**What to work on**
Pictures aside, repeat the listing below exactly.

**Dataset extract**
-*-

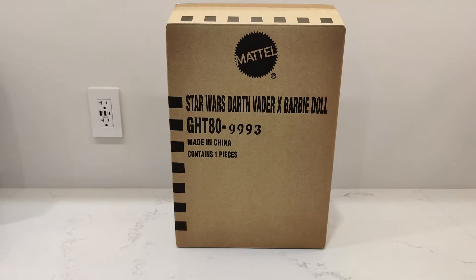Hey YouTube, how's it going? It's me, R-Squad 9-11, back again with another unboxing video.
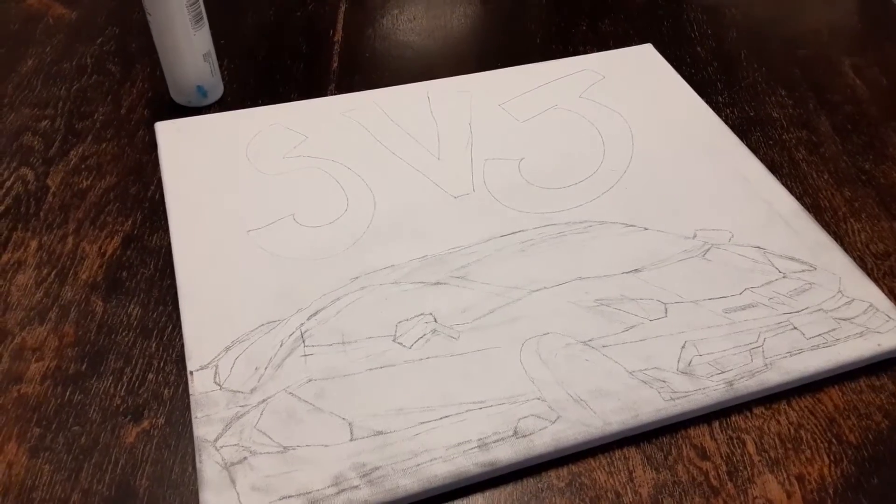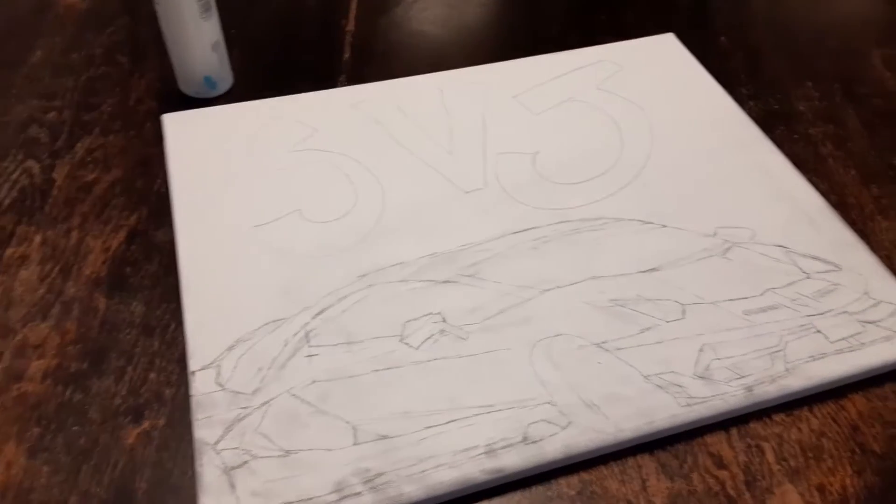Hey, what's good? Today I will be painting the Lamborghini SVJ.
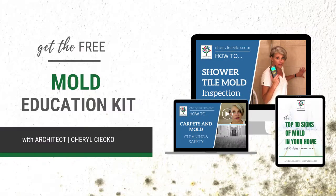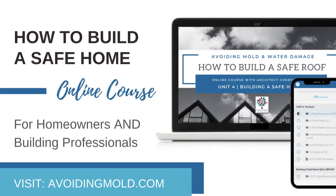If you enjoyed this video, hit subscribe. For more free information on safe building, avoiding mold, and water damage, visit avoidingmold.com.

-*-

**Response to this exercise**
Hey YouTube, how's it going? It's me, R-Squad 9-11, back again with another unboxing video.
Hey, what's good? Today I will be painting the Lamborghini SVJ.
If you enjoyed this video, hit subscribe. For more free information on safe building, avoiding mold, and water damage, visit avoidingmold.com.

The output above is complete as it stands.